Avlon: India Trip is Newest Wingnut Conspiracy
The John Avlon writes:
“A lie can travel halfway round the world while the truth is putting on its shoes, ” Mark Twain once famously said. In the Internet age, the speed of a politically motivated lie is even faster—case in point, the Wingnuts’ fact-free, post-election pile-on over President Obama’s trip to India.
The conspiracy theory du jour is an alleged $2 billion price tag for the president’s trip, which would be offensive and imperial indeed if it had any basis in fact. But (almost) needless to say, it doesn’t.
Rep. Michele Bachmann first brought up the India trip expenses two days ago in response to a question from CNN’s Anderson Cooper about what budget cuts she would support.
But specific policy plans aren’t as satisfying as demagoguery, so she pivoted to attack mode.
“The president of the United States will be taking a trip over to India that is expected to cost the taxpayers $200 million a day,” she said. “He’s taking 2,000 people with him. He will be renting out over 870 rooms in India. And these are five-star hotel rooms at the Taj Mahal Palace Hotel. This is the kind of over-the-top spending... it’s a very small example, Anderson. And I think this is an example of the massive overspending that we have seen, not only just in the last two years, really in the last four. That’s what we saw at the ballot box last evening.”
Soon Glenn Beck was calling the business investment outreach trip “a vacation where you needed 34 warships and $2 billion.” Michael Savage described it as “this incredible royalist visit.” The talk-radio circuit and right-wing blogosphere was burning with manufactured outrage.
A political rumor usually takes hold in people’s minds because it surfs off a pre-existing negative narrative. In this case, the initial impulse builds off accusations of fiscal irresponsibility. But they quickly turn to “King Obama” assignations, which in this White House occupant’s case are not just arrogant out-of-touch elitists or even wannabe Third World dictators. He feels entitled. Entitled, get it?

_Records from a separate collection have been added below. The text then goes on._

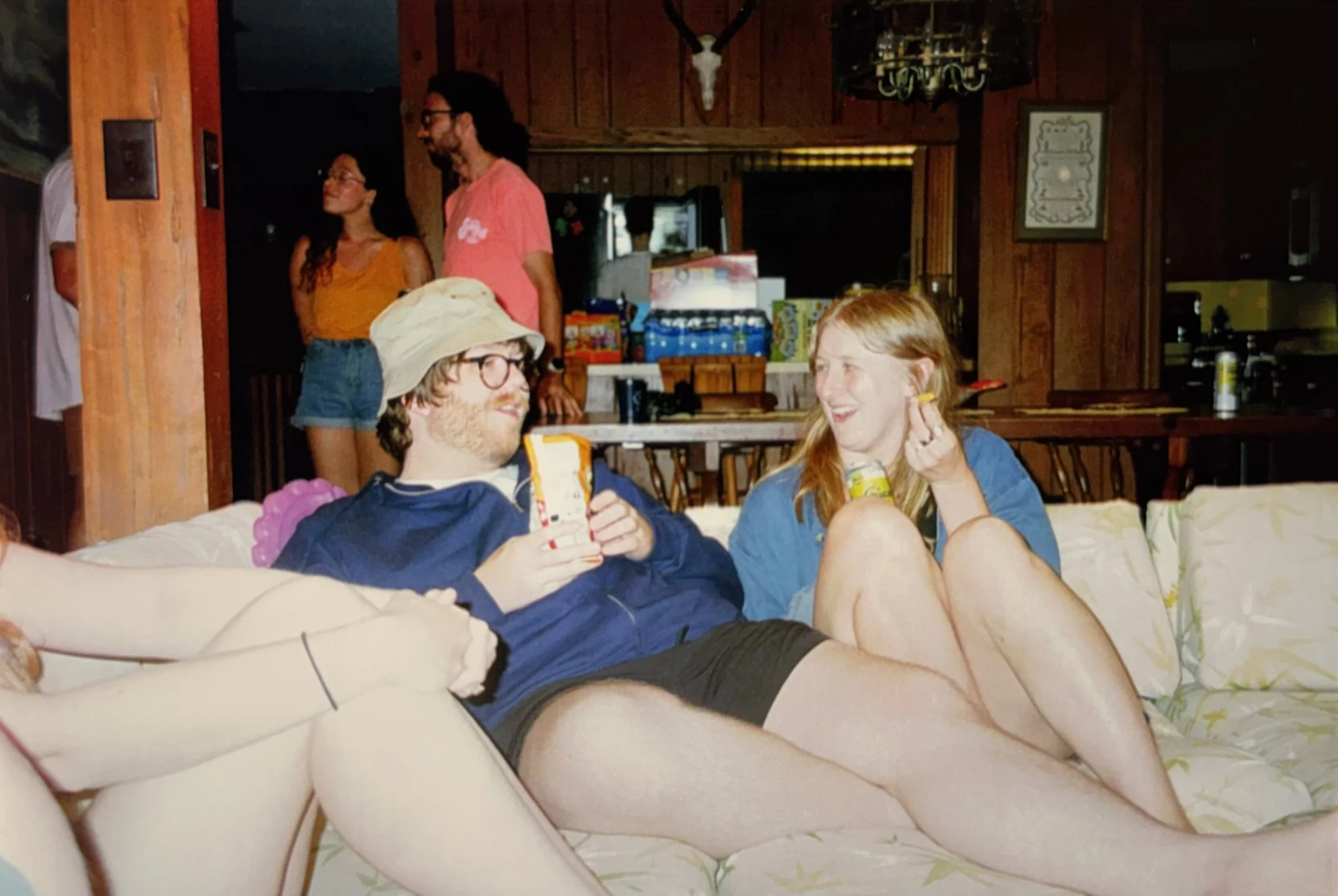 FullSizeRender (1).jpeg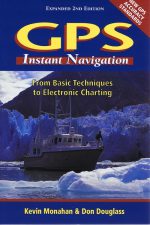 GPS-Instant-Navigation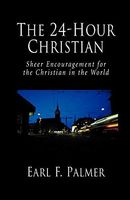 The 24-Hour Christian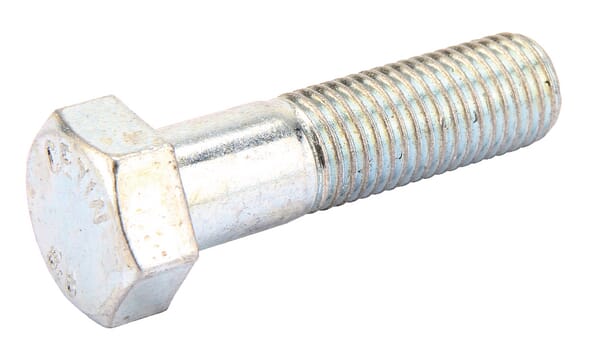 Schraube M16x60-8.8 DIN931 3013837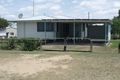 Property photo of 24 Weldon Street Wandoan QLD 4419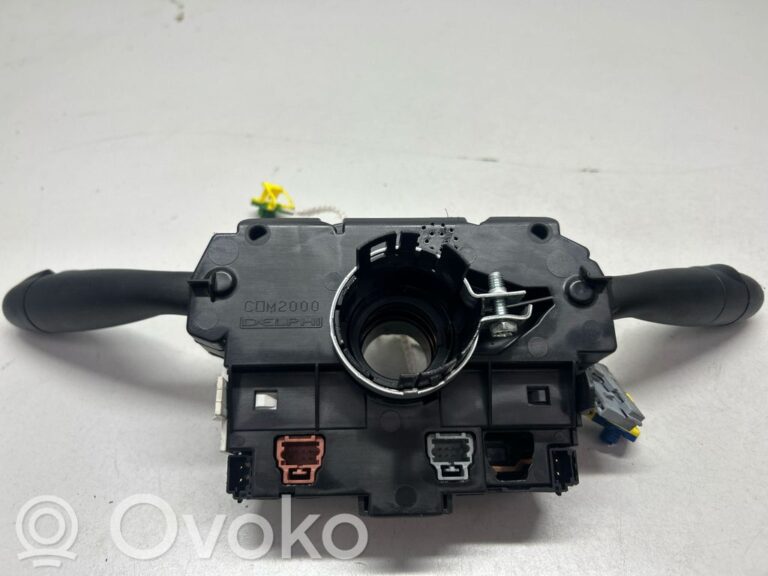 6fc864025a35475c7273b2488fefdca0-bce09955f304d200559763ff24d3ab9d_other_switches_knobs_shifts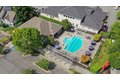 Additional image 21 of 608 39th Ave SW, Puyallup, WA, 98373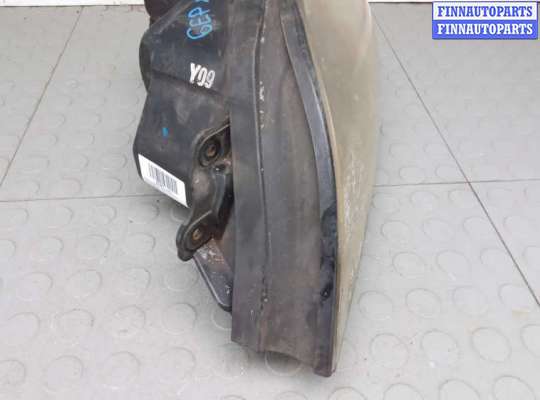 купить фара левая на KIA SORENTO 1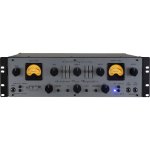 Ashdown - abm - 600 - dr - evo iv - t�te ampli guitare basse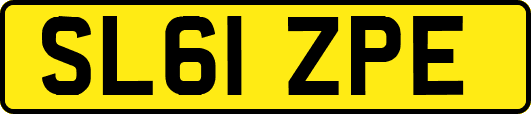 SL61ZPE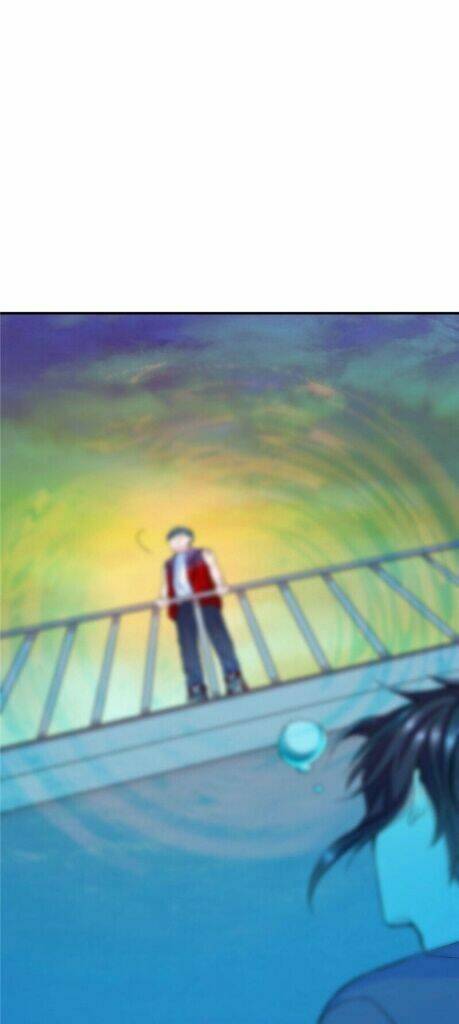 Hoàng Tử Ếch Mau Tránh Ra: Chapter 22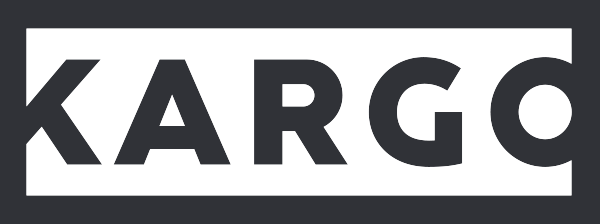 Kargo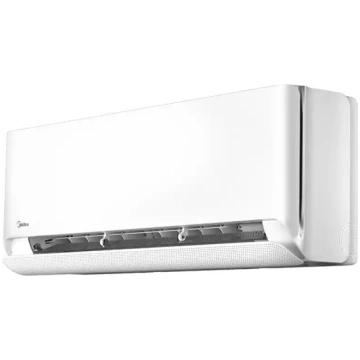 Multisplit iekštelpu bloks Midea Breezeless E 3,5/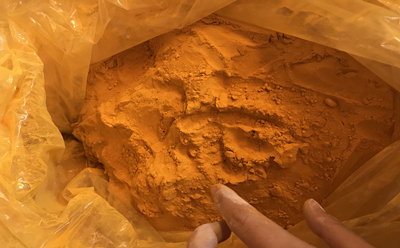 想买到好的开云棋牌官网最新版
,这些指标一定要知道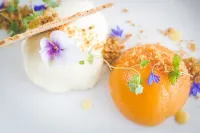 Fistral Beach Hotel and Spa - Adults Only - breakfast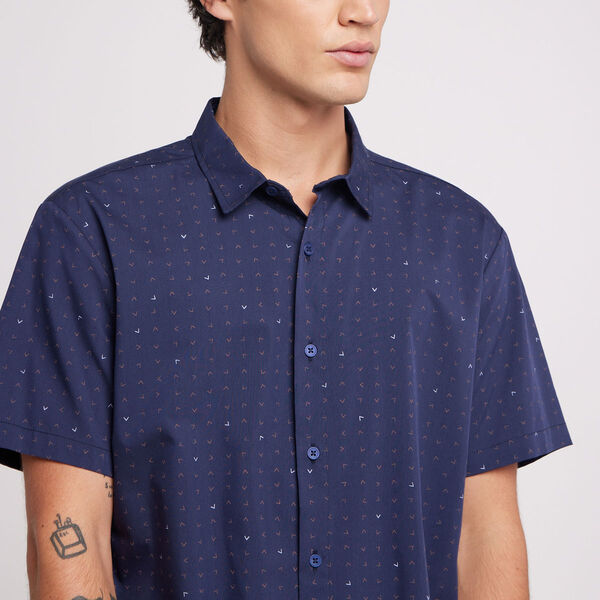 camisas para hombre image number null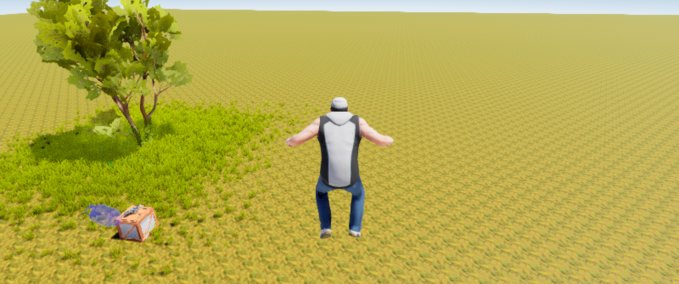 Other Timing simulator Playcraft mod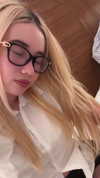 liltay Altpins Profile Picture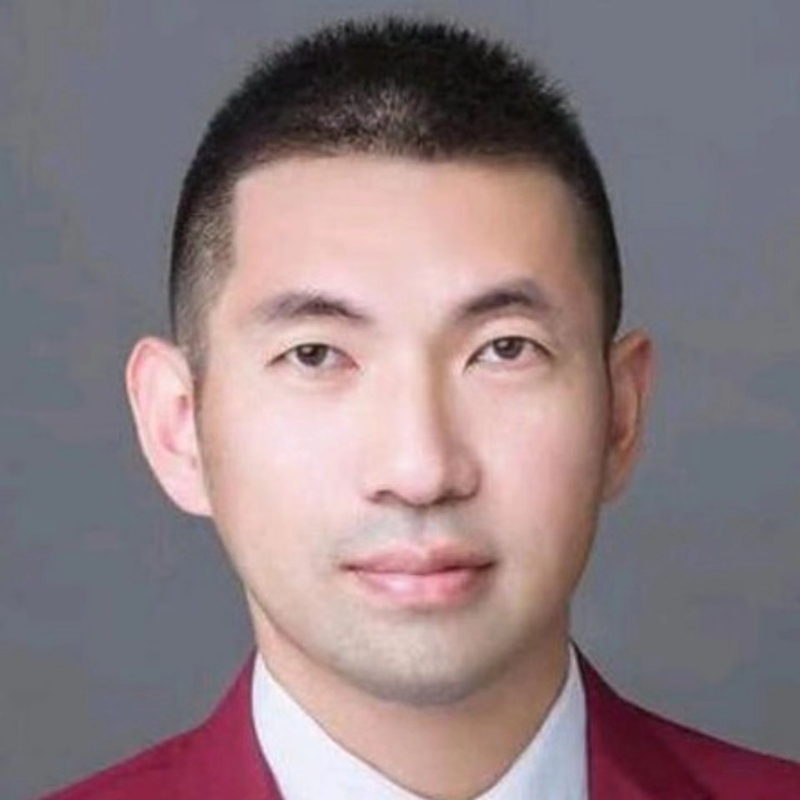 行者李的第一张照片--温州父母相亲团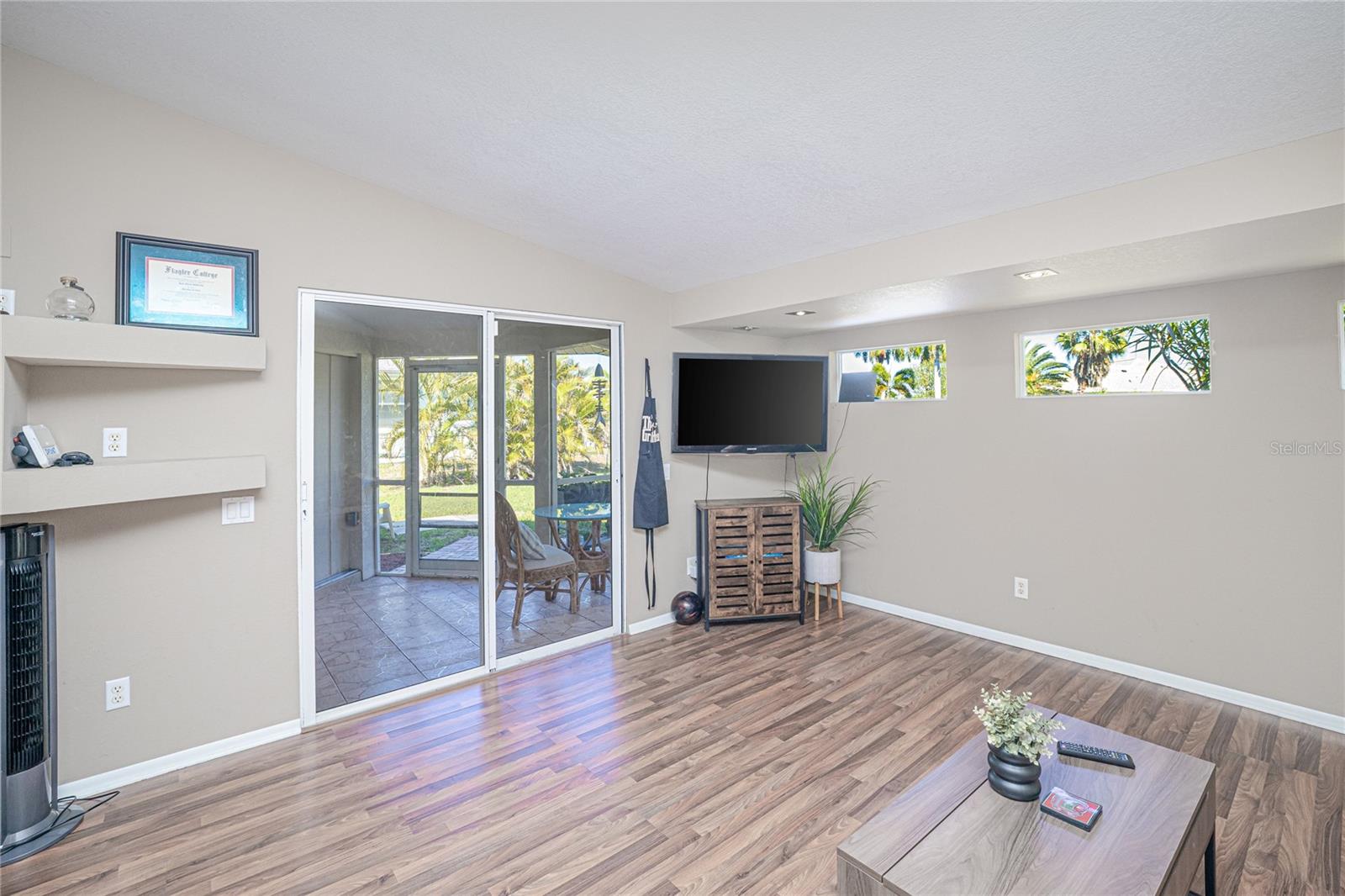 PORT CHARLOTTA SEC 02 - Residential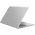  Ноутбук Lenovo IdeaPad Slim 5 16IMH9 (83DC004FRK) Intel Core Ultra 5 125H/16Gb/512Gb SSD/16" 2K (2048x1280) OLED 400nits Glossy, Integrated Int 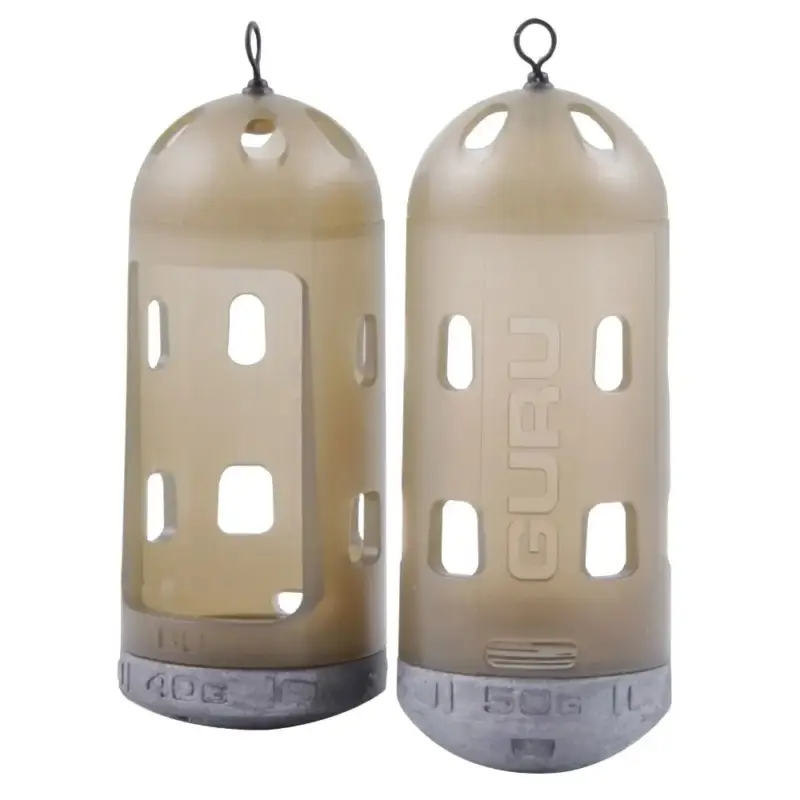 Momitor Guru X-Change Bait Up Window Feeder Disponibil imediat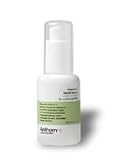 Anthony Logistics for Men Vitamin C Serum - 1 oz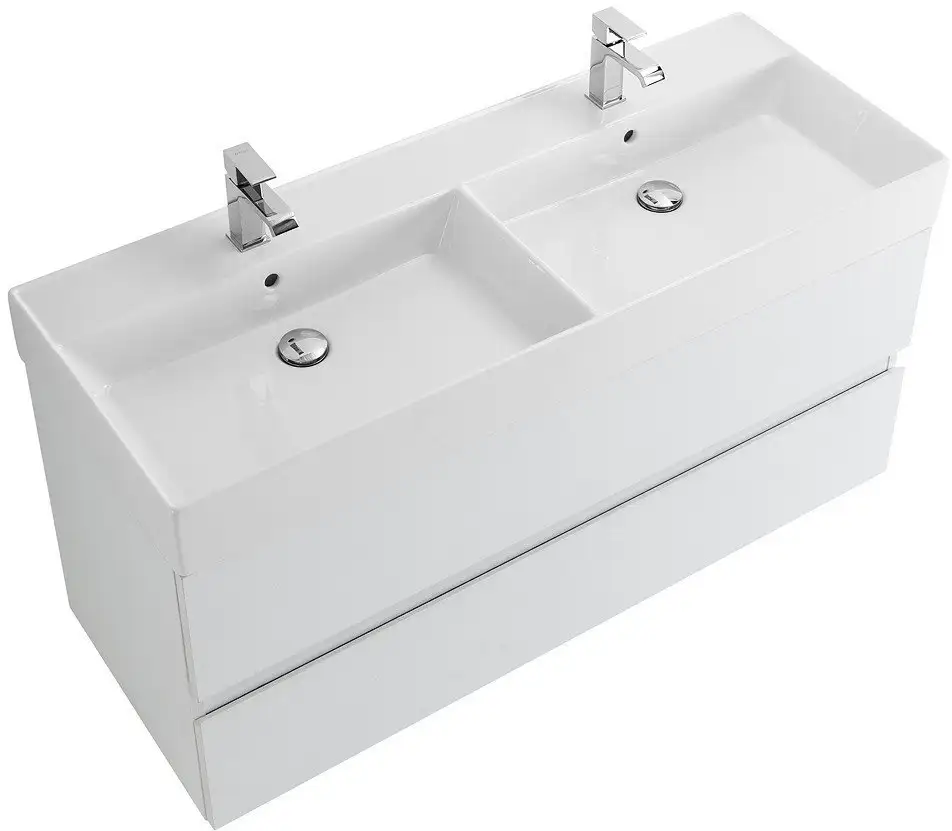 Cezares Тумба под умывальник Molveno 46-120-2C-SO-2-BG – фото товара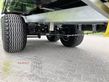 Volquet - Fliegl - tdk 140 vr fox tandem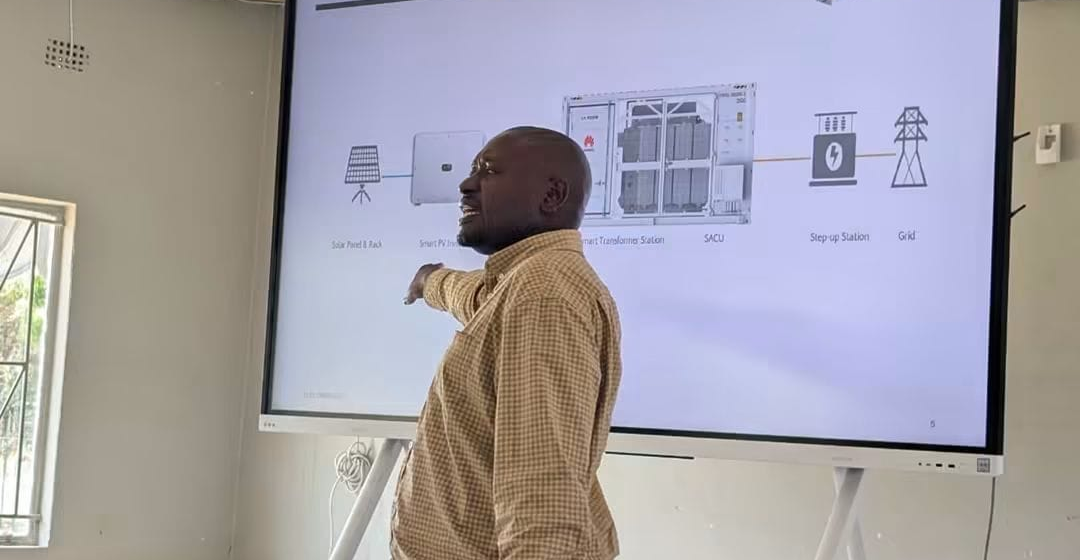 image-31.webp EnerSynk Group’s 500 MW Solar Project Reaches Major Milestone in Zambia’s Copperbelt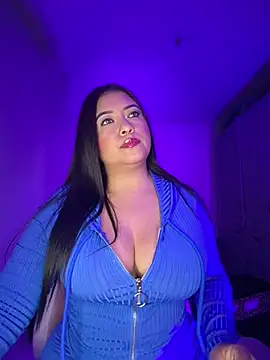 cami_ortiz__ live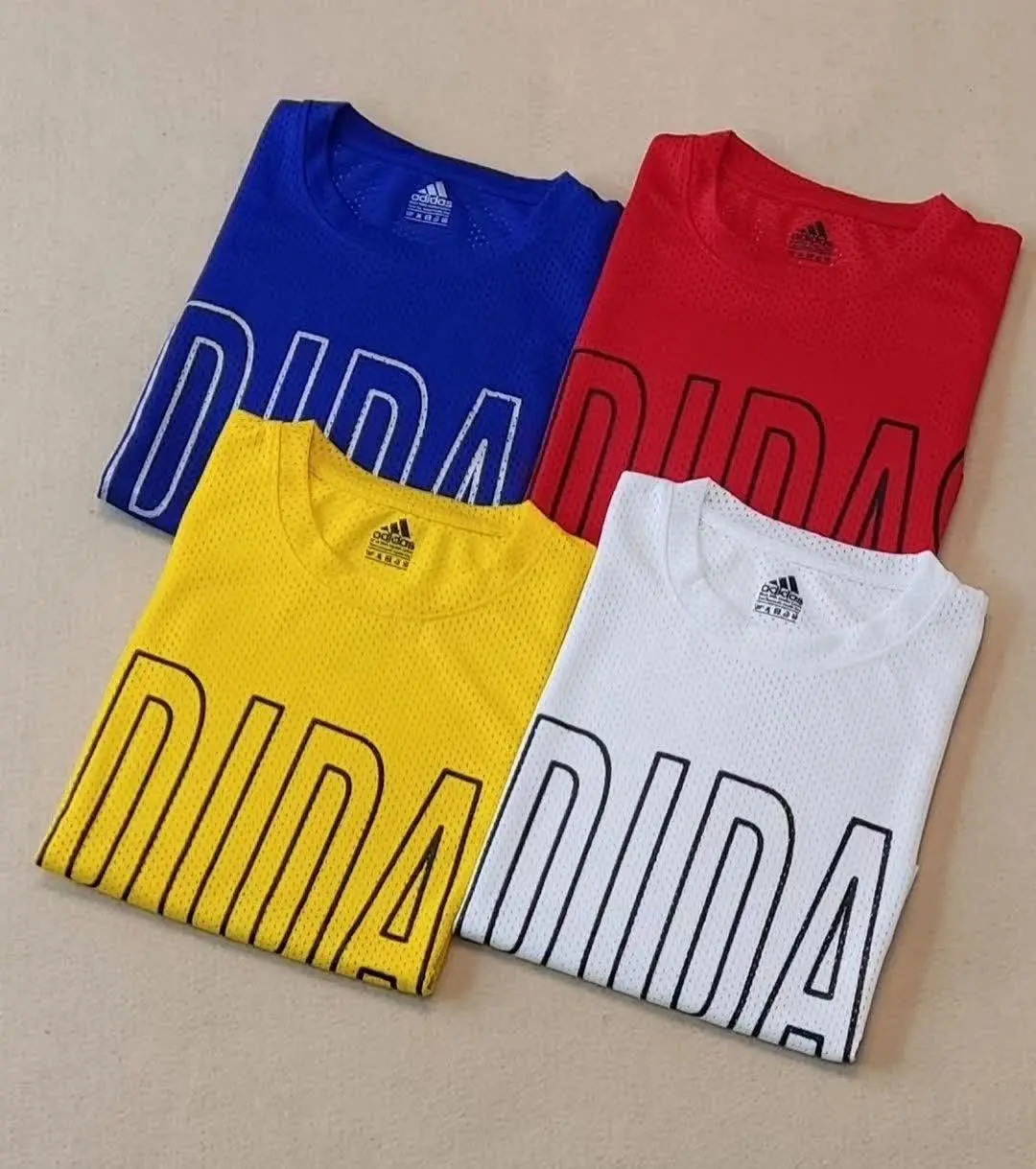 😍😍😍😍😍😍
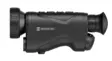 HIKMICRO Condor CQ50L - Monokulaariset katselulaitteet - 6974004643898 - 5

Here’s El Rushbo’s take, filed under “Obama Family Feels Entitled to Lavish India Trip”:
“We had a caller with a good question regarding Obama’s trip to India: ‘Is he coming back or fleeing to exile?’ I have a different theory. I don’t know what are the policy reasons that Obama’s going to India. I have no idea. But the idea that you’re going to take 3,000 people and you’re booking over 500 rooms in a hotel and you’re taking 40 airplanes, what that tells me is that you have a guy and a family who thinks this nation owes ’em. And while they’re in a position to, they are going to live off of this country as much as they can. They are gonna get theirs. That’s what this tells me. No president has ever had anywhere close to 40 airplanes, 3,000 people, 500 rooms in one hotel. And that’s just one hotel, for a 10-day trip, $200 million a day. It’s never been done before. This is somebody that says, ‘It’s my turn. My turn, our turn to get what has been denied us all these years,’ that’s what I think.”
Somehow, criticisms of the fictitious costs of the trip pivot to a sense of entitlement, with a hint of reparations—“you have a guy and a family who thinks this nation owes ’em…This is somebody that says, ‘It’s my turn. My turn, our turn to get what has been denied us all these years.’” It’s not just “the affirmative action” presidency, as some folks on the far right have called President Obama—it’s the president as welfare queen, living it up on the taxpayers’ dime, motivated by a sense of revenge.